[Captioned web images]
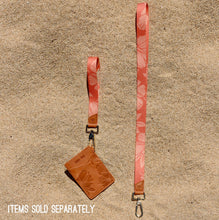 Load image into Gallery viewer, Loyalty - Pink Hibiscus Neck Lanyard
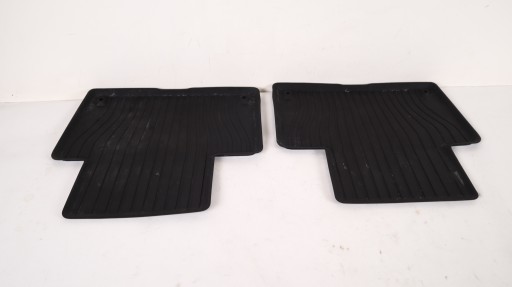 КОВРИКИ ЗАДНИЕ РЕЗИНОВЫЕ VOLVO XC90 II 32261601, 32261602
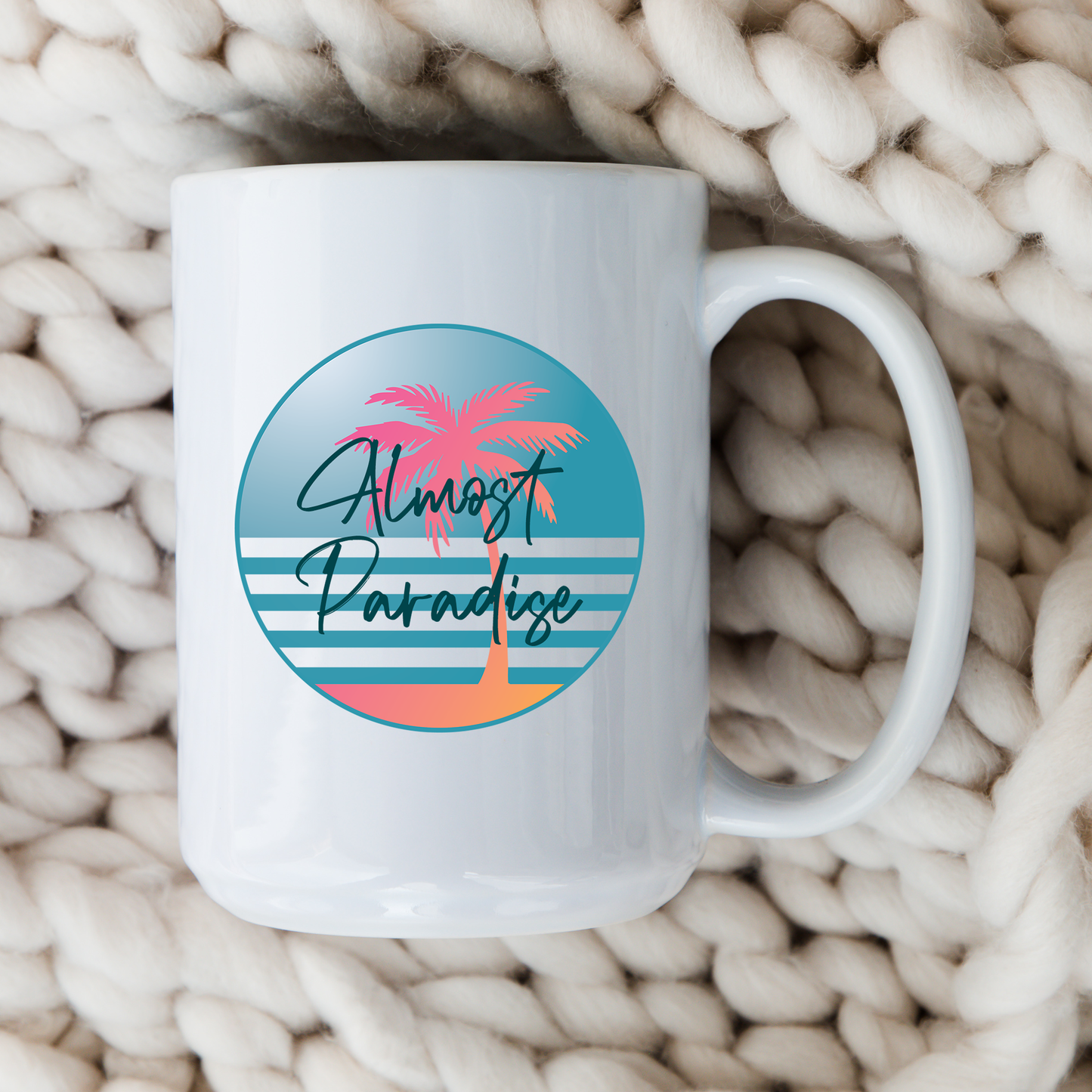 Almost Paradise Sunset Mug Bachelor In Paradise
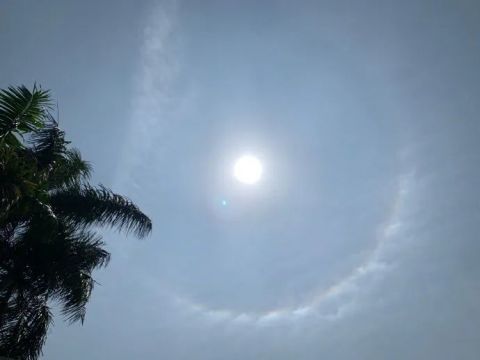 广州白天最长的一天?广州一年晴天有多少天-图1 广州白天最长的一天?广州一年晴天有多少天-图1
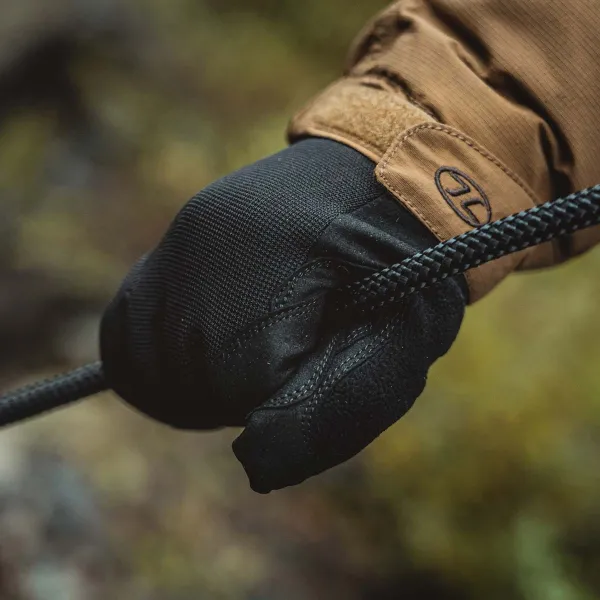 Перчатки водонепроницаемые Highlander Aqua-Tac Waterproof Gloves Black XL (GL095-BK-XL)
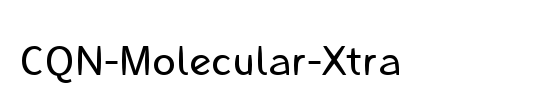 CQN-Molecular-ThermoBold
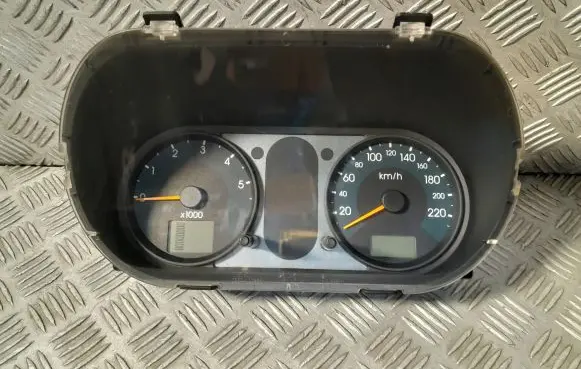 Ford Fusion Speedometer (instrument cluster) 2S6F10A855A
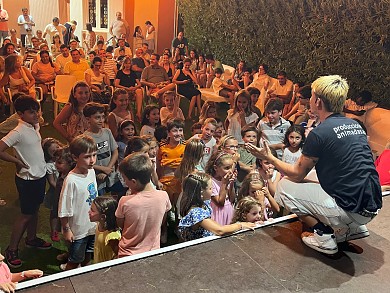 OLIVA NOVA Y LAS DUNAS | Un verano de los que se quedan en la memoria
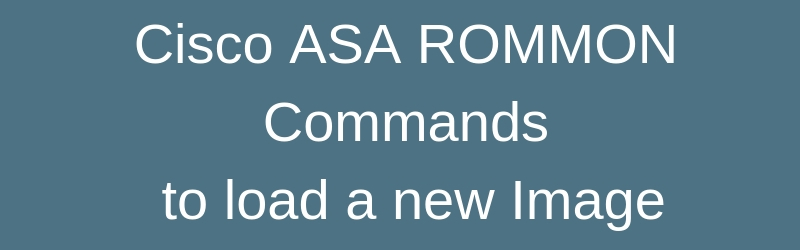 Image for ASA 5505 Image problem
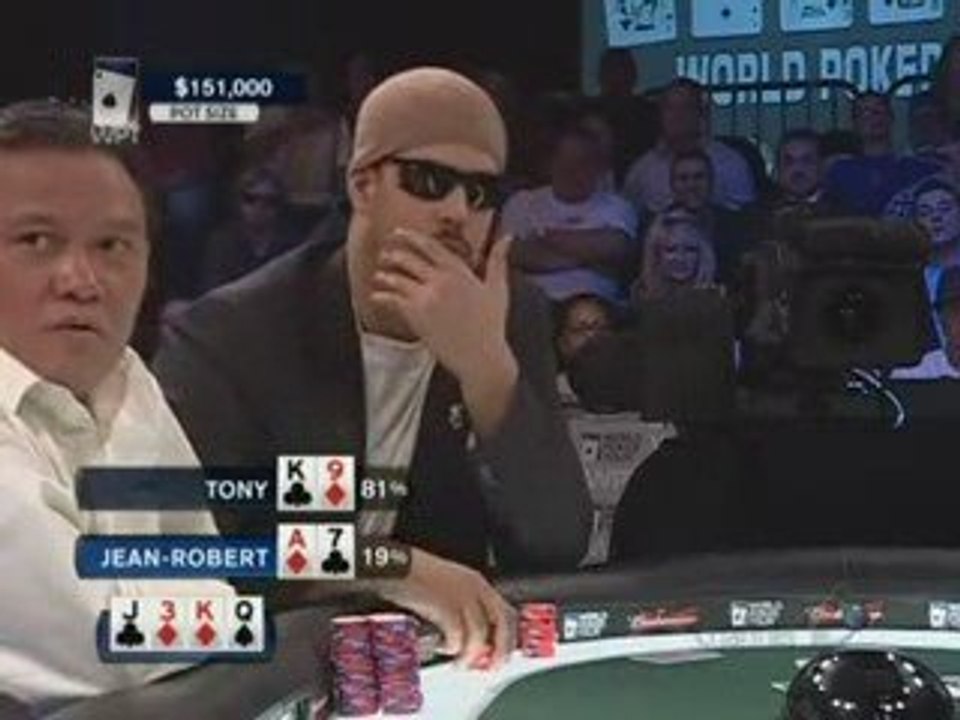 WPT Bad Boys of Poker II PT03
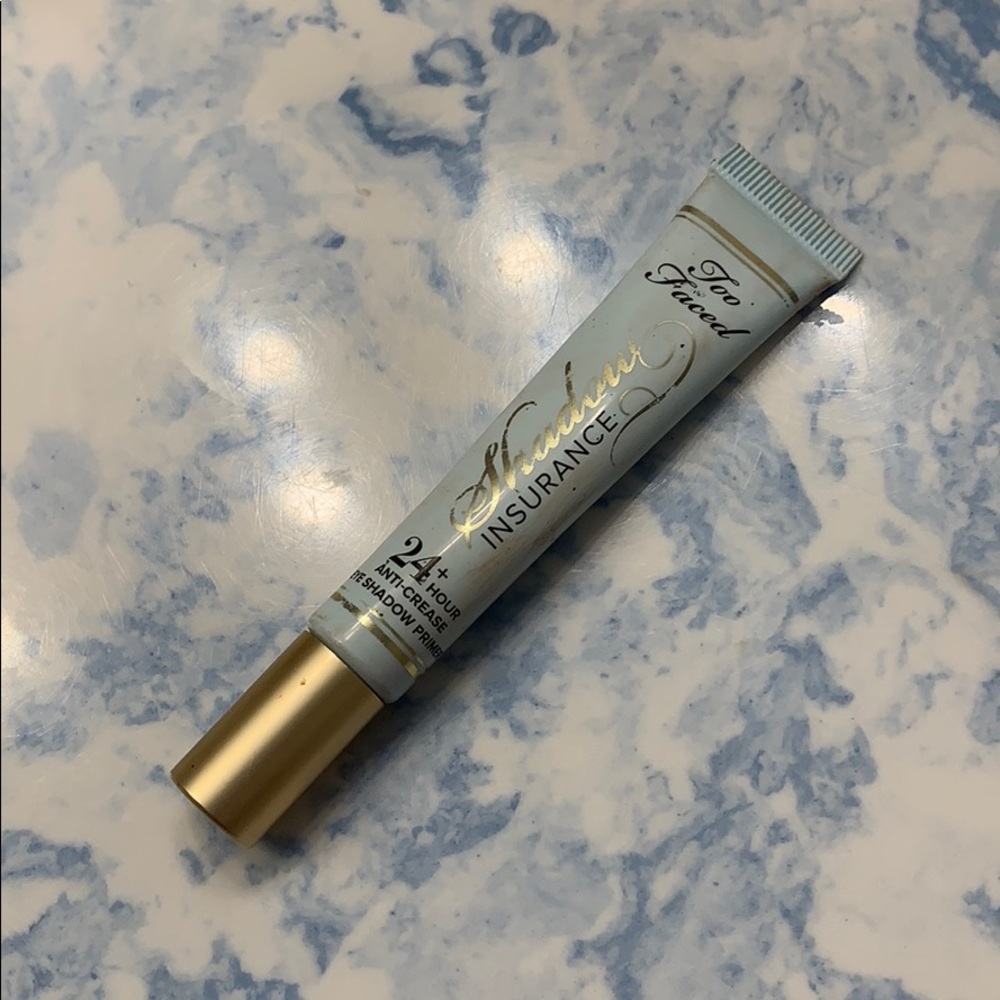 Too Faced Shadow Insurance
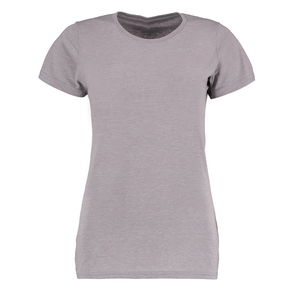 Camisetas personalizadas para mujer, Camiseta lisa de alta calidad, venta al por mayor, en blanco - Product Image 3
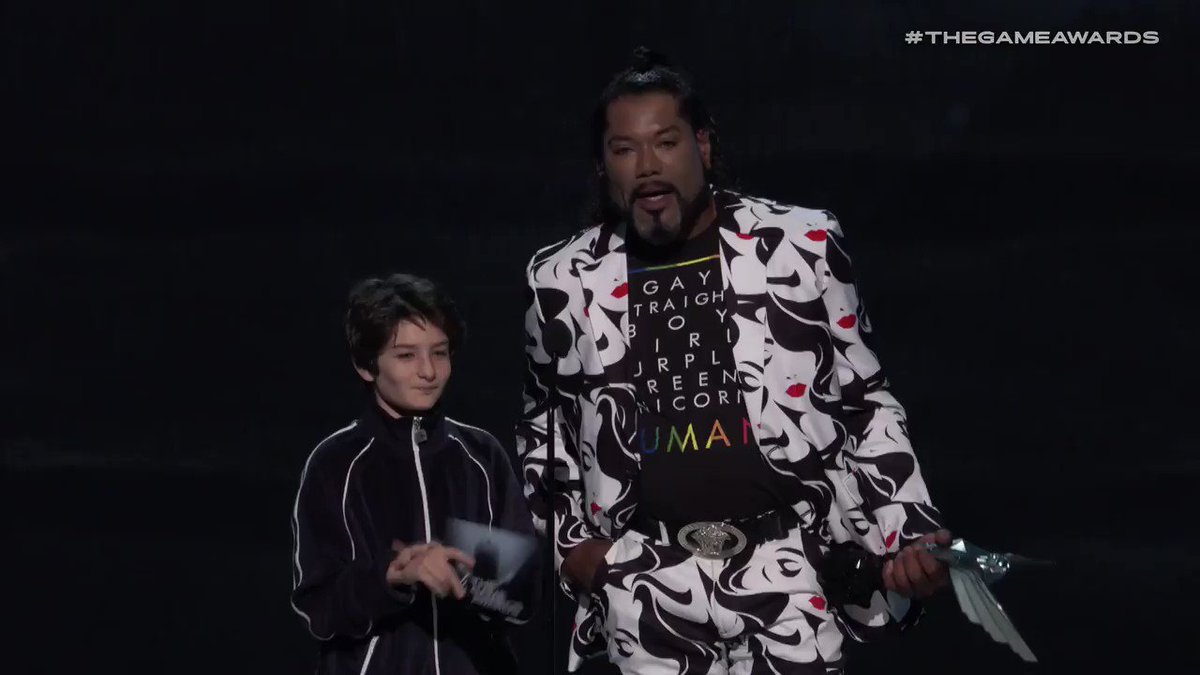 Kratos actor Chris Judge got more air time than every esports award  combined at The Game Awards - Dot Esports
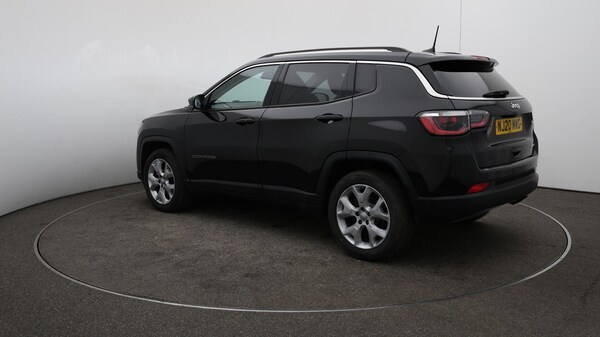 Used Jeep Compass 2020 for sale - 76213922: Photo 62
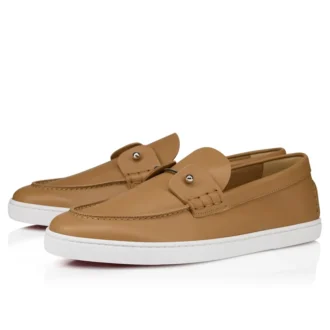 Chambeliboat – Boat Shoes – Calf Leather – Lionne – Men Chambeliboat – Boat Shoes – Calf Leather – Lionne – Men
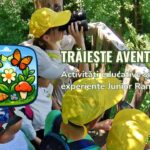 Junior Ranger Camp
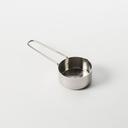 American Metalcraft Stainless Steel Wire Handle Measuring Cup, 1/4 Cup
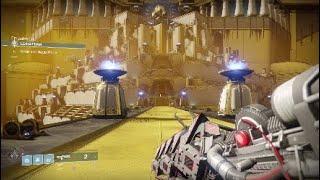 Destiny 2 - Sleeper Simulant Catalyst Charge Time Before & After Equipped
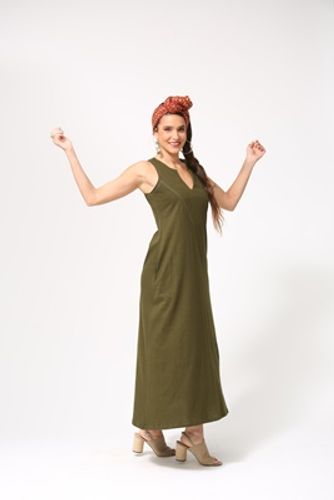 שמלת נוגה plus size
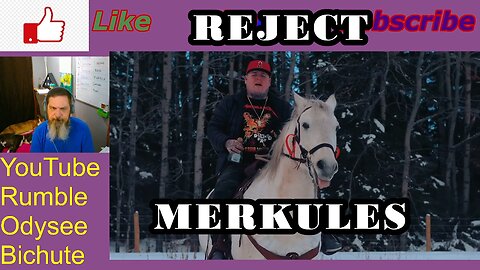 REJECT By Merkules -Pitt Reacts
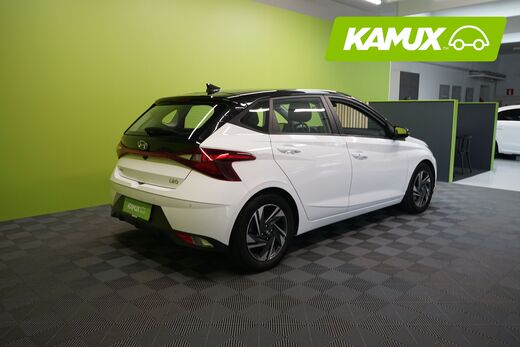 Hyundai i20 vaihtoauto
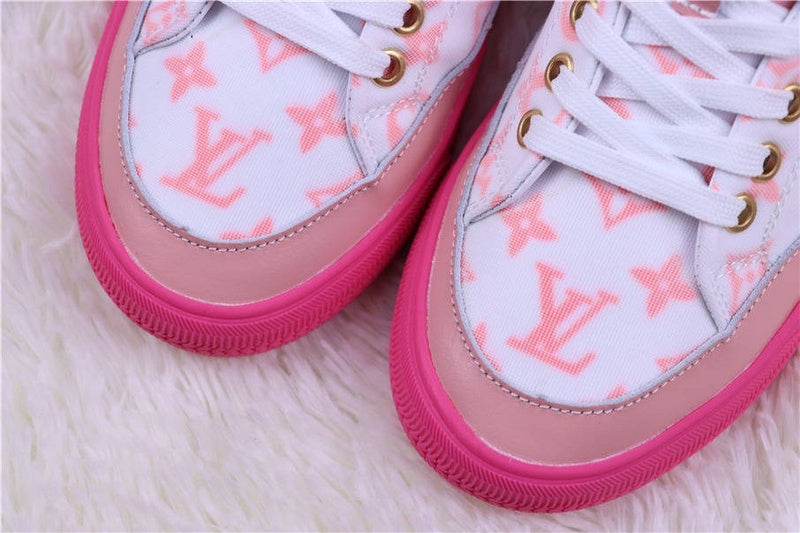 ⭐ LV Luxury Designer Shoes – Premium Style & Comfort
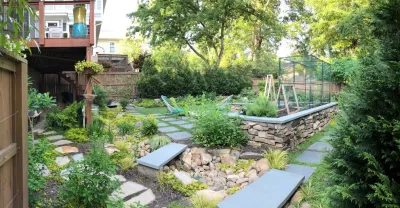 King Landscaping - Garden Remodeling in Marietta, GA
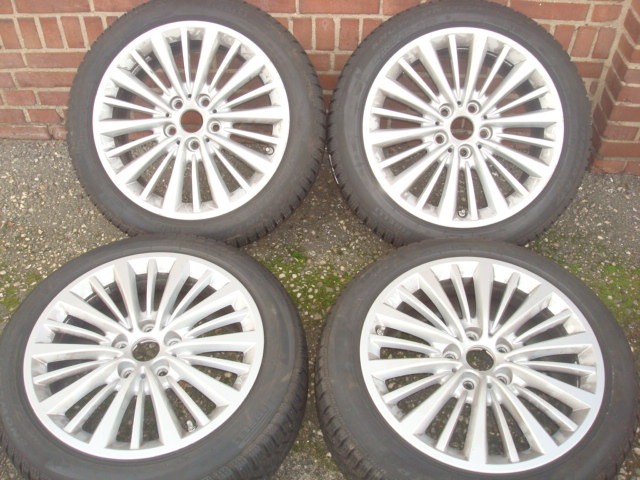 15"Hockenheim Peugeot Velgen en Banden Steek 4x108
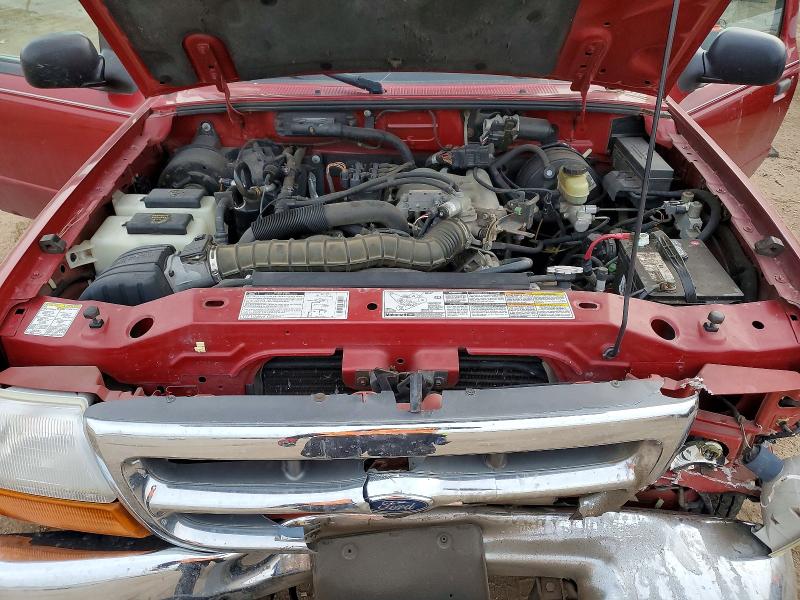 Photo 11 from auction – 2000 FORD RANGER SUP with VIN 1FTYR14VXYPB18693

- [WORK REQUEST]
Copy out, with no pictures, the lines from the one containing "OLIVA NOVA Y" through the last line of the data above, both ends included and each word unchanged.

- [SOLUTION BELOW]
 OLIVA NOVA Y LAS DUNAS | Un verano de los que se quedan en la memoria
 Image for ASA 5505 Image problem
 WPT Bad Boys of Poker II PT03
 Too Faced Shadow Insurance
 Camisetas personalizadas para mujer, Camiseta lisa de alta calidad, venta al por mayor, en blanco - Product Image 3
 Kratos actor Chris Judge got more air time than every esports award  combined at The Game Awards - Dot Esports
 Used Jeep Compass 2020 for sale - 76213922: Photo 62
 Chambeliboat – Boat Shoes – Calf Leather – Lionne – Men Chambeliboat – Boat Shoes – Calf Leather – Lionne – Men
 Junior Ranger Camp
 American Metalcraft Stainless Steel Wire Handle Measuring Cup, 1/4 Cup
 Destiny 2 - Sleeper Simulant Catalyst Charge Time Before & After Equipped
 שמלת נוגה plus size
 REJECT By Merkules -Pitt Reacts
 Hyundai i20 vaihtoauto
 ⭐ LV Luxury Designer Shoes – Premium Style & Comfort
 King Landscaping - Garden Remodeling in Marietta, GA
 15"Hockenheim Peugeot Velgen en Banden Steek 4x108
 Photo 11 from auction – 2000 FORD RANGER SUP with VIN 1FTYR14VXYPB18693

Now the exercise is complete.